# INFORMATION SUPPLIED:

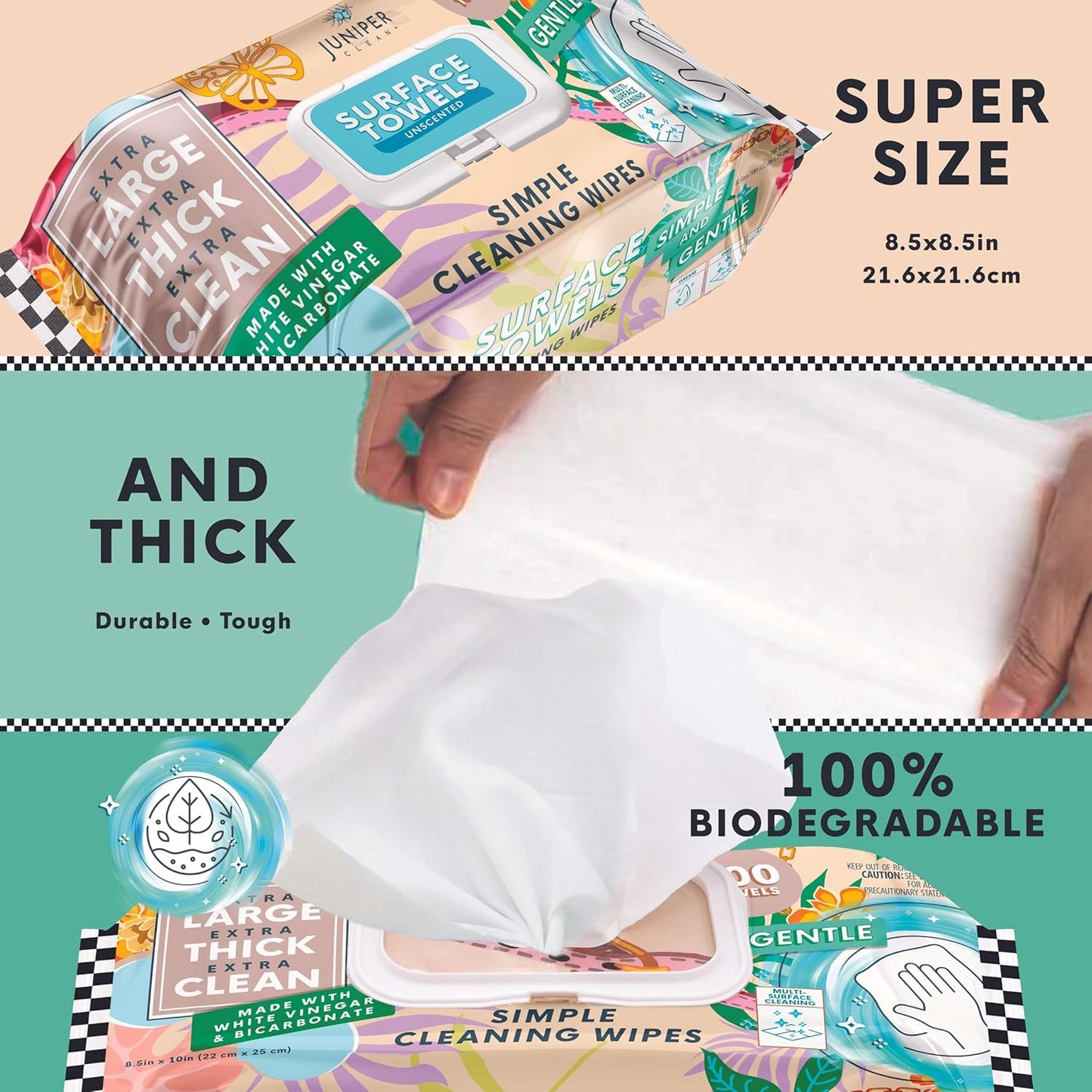 Single Surface Cleaning Wipes Bleach Free, Thick & Large Dispose, All-Purpose Cleaner for Bathroom, Kitchen, Office, 100 Count Soft Flow, Biodegradable, No Scent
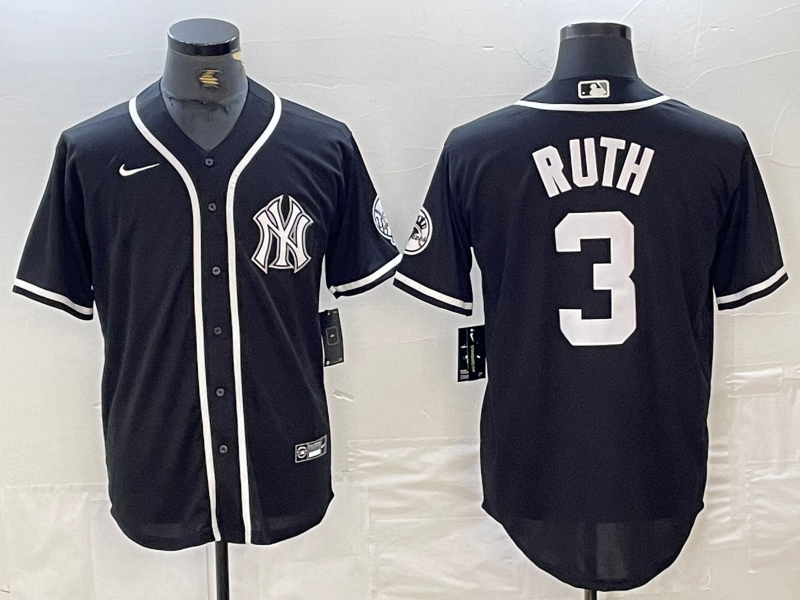 Men's New York Yankees Babe Ruth #3 Black Limited Jersey1 baseball jersey product view 1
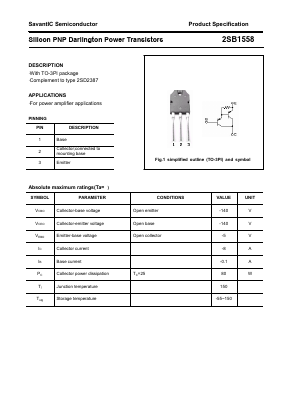 2SB1558 Datasheet PDF SavantIC Semiconductor 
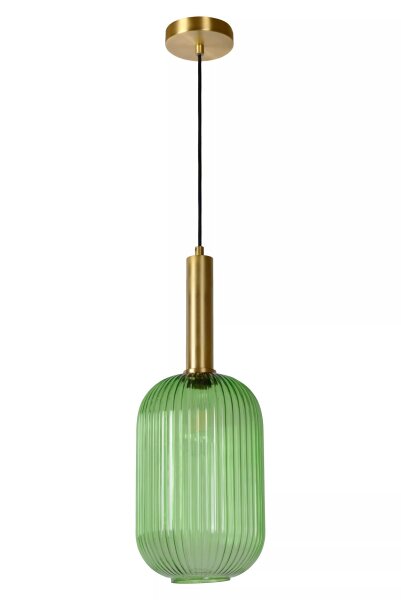 Runde Hängelampe Glas Metall Grün Gold E27 Ø20 cm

# ACTIVITY:
Leave every image out, and retype the material exactly.

# ANSWER SECTION:
 Single Surface Cleaning Wipes Bleach Free, Thick & Large Dispose, All-Purpose Cleaner for Bathroom, Kitchen, Office, 100 Count Soft Flow, Biodegradable, No Scent
 Men's New York Yankees Babe Ruth #3 Black Limited Jersey1 baseball jersey product view 1
 2SB1558 Datasheet PDF SavantIC Semiconductor 
 Runde Hängelampe Glas Metall Grün Gold E27 Ø20 cm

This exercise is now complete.